Five times the size of a single backyard, the field was completely unmonitored. Whoever owned the building didn’t live there, and whoever lived there didn’t care, so an after-school pick-up game with zero adult supervision could be counted on.
Being spring it was usually baseball, played with a yellow whiffle ball bat and a pink Spalding, which was softer than a hardball so you didn’t need a glove but it could still really fly.
Timothy arrived at the same time as Christy Vanderbeck, who lived in the house with the floral milk canister on the porch.
“We got Timothy!” Carl called, preemptively so as not to be stuck with the seven-year-old girl, but also because he and Timothy were friends. They usually played on the same team along with Mark Williams, a fairly well-coordinated third grader.
Carl, who was sometimes called Crazy Carl, was in 4th grade like Timothy, but was taller because he’d stayed back once. Or twice, no one was quite sure, maybe not even Carl’s parents.
“Okay, we’ll take Christy,” Robbie the other team captain said, “but we go first.”
Terms agreed upon, the game got off to a surprise start when Christy Vanderbeck defied expectations and made it onto first. The top of the first inning was short-lived however. Will from Washington Avenue struck out, then Robbie popped one up which Mark caught then tagged Christy waffling between bases.
The bottom of the inning looked promising. Timothy easily made it to first, then held at second when Mark did the same. You couldn’t actually stand on second, because it was a lopsided chunk of cinderblock permanently embedded in the field (neighborhood legend was that a dog was buried underneath, but no one had ever dug down to confirm.)
Crazy Carl could generally be counted on to bring runners home, but this came at a price, and today Carl had that certain look in his eye which helped reinforce his nickname.
“Don’t do it, Carl!” Mark pleaded from first, even though they were on the same team.
Will and Christy moved back, even Robbie moved back from the approximate location of the pitcher’s mound.
There’s the pitch. Crazy Carl connects. And it’s going, going…
Gone.
In this field, gone literally meant gone. The Green Apartment Building’s back forty was an overgrown dumping ground, great for finding rusting car parts and the like, but near impossible to find a lost Spalding when you needed to.

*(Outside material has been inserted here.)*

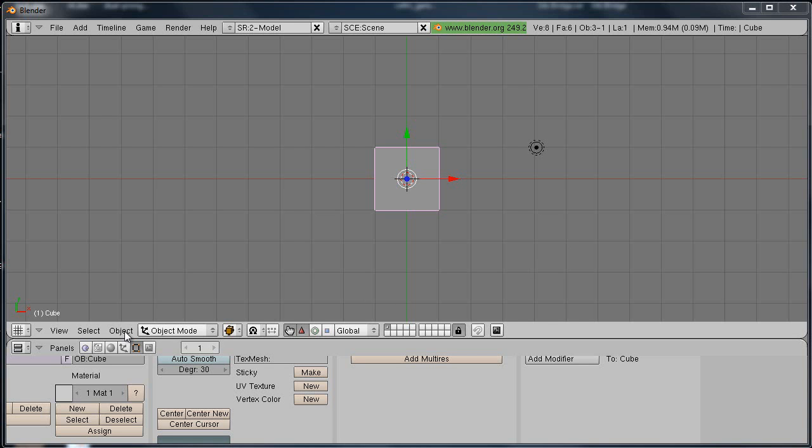This is 2.49B. Same concepts apply to the other ones like 2.5 and higher. It's just your buttons can be located in different spots. Most Second Life users which is what I target most of the time use 2.49B so they can use the Primstar 1.0 script so we're rolling with this.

“You had to do that,” Mark said, while Carl ran the bases.
Both teams united in the search, six kids in weeds up to their waists. Will from Washington Avenue had kept his eye on the ball and had a vague idea of the vicinity, but it didn’t help much.
Catching sight of something in the dirt below, Timothy stooped to part the brambly thistle. It wasn’t the Spalding. It looked like a weird hammer at first, but rubbing off the caked-on mud with his fingers, Timothy couldn’t believe his luck.
It was a meat cleaver.
The edge was dull and chipped and looked like a tetanus shot waiting to happen. This was Timothy’s best find ever.
“You gonna keep that?” Mark asked, eyeing the prize in Timothy’s hands.
“Fuck yeah,” Timothy said.
“Is that a blood stain on it?”
A real blood stain would definitely be a bonus.
“Yeah,” Timothy said, “or brain juice or something.”
You couldn’t tell the rust from the dirt, much less blood from cranial fluid, but it was obvious that some homicidal maniac had concealed the cleaver in the tall grass after a killing spree. Even if a run-of-the-mill butcher had flung it into the field for some unknown reason in a moment of hysteria, the history of the cleaver had to be grisly.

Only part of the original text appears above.